PROBLEM TO SOLVE –
Without the pictures, give the listing below again exactly.
---- EXERCISE DATA
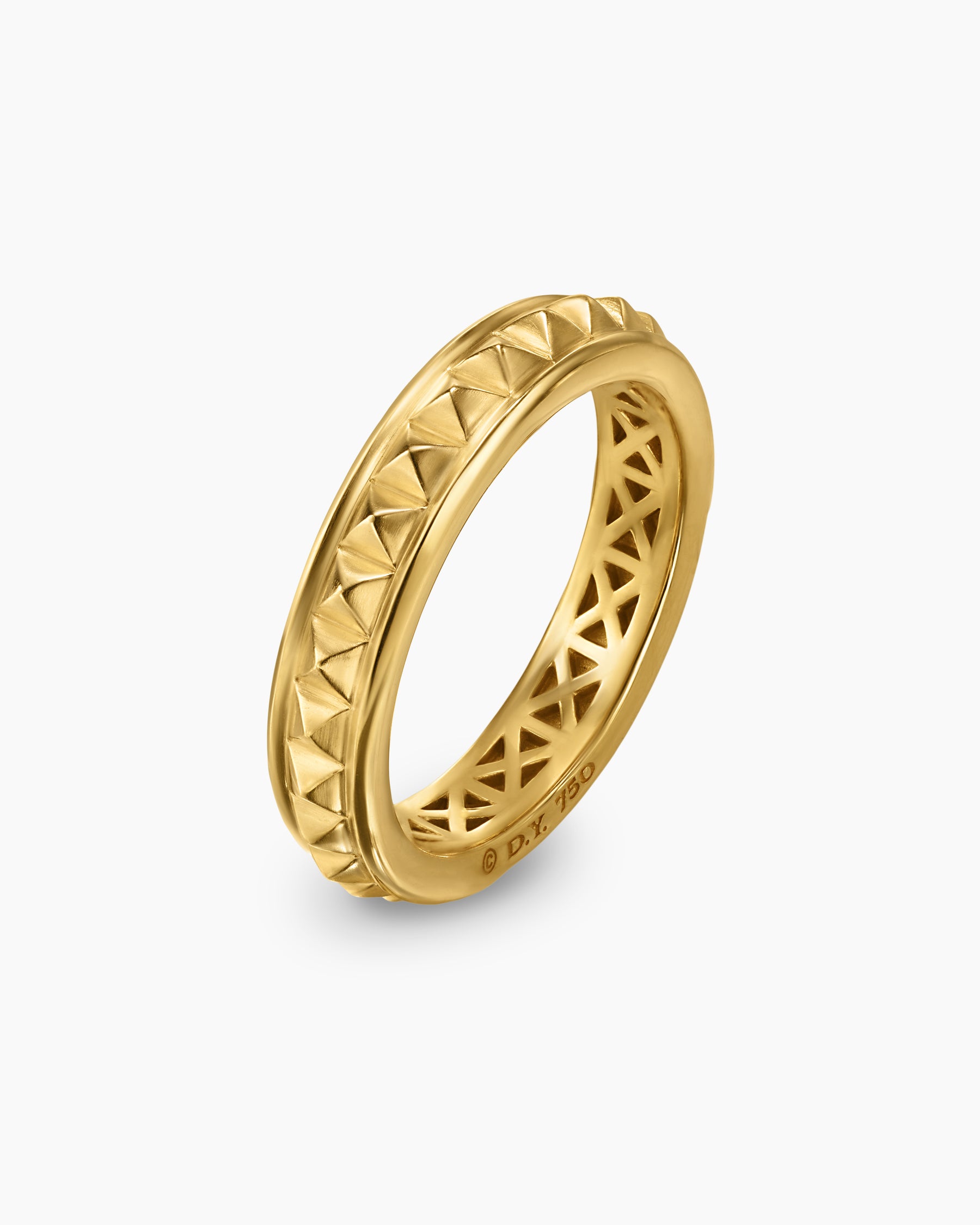 Pyramid Band Ring in 18K Yellow Gold, 4mm - Image 3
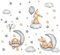 duoyif Wandtattoo Kinderzimmer Wandsticker Hase Mond Sterne Wolken Wandaufkleber Kaninchen Auf Den Wolken Und Dem Mond Wandsticker Kinderzimmer Babyzimmer Schlafzimmer Jungen Mädchen Zimmer Wanddeko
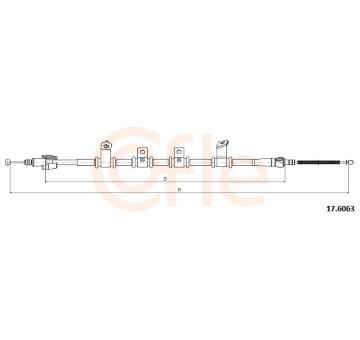 żażné lanko parkovacej brzdy COFLE 17.6063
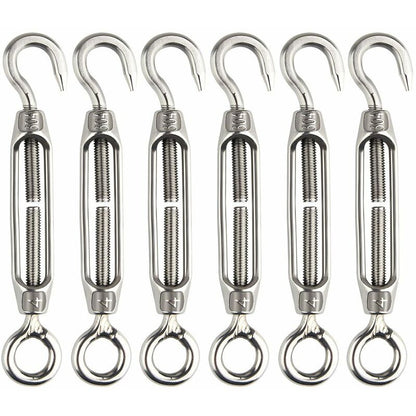 6 pcs Wire Tensioner M4 Stainless Steel Adjustable Turnbuckle Hook And Eye Set Heavy Duty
--------
EXPECTED OUTPUT –
 Pyramid Band Ring in 18K Yellow Gold, 4mm - Image 3
 duoyif Wandtattoo Kinderzimmer Wandsticker Hase Mond Sterne Wolken Wandaufkleber Kaninchen Auf Den Wolken Und Dem Mond Wandsticker Kinderzimmer Babyzimmer Schlafzimmer Jungen Mädchen Zimmer Wanddeko
 żażné lanko parkovacej brzdy COFLE 17.6063
 6 pcs Wire Tensioner M4 Stainless Steel Adjustable Turnbuckle Hook And Eye Set Heavy Duty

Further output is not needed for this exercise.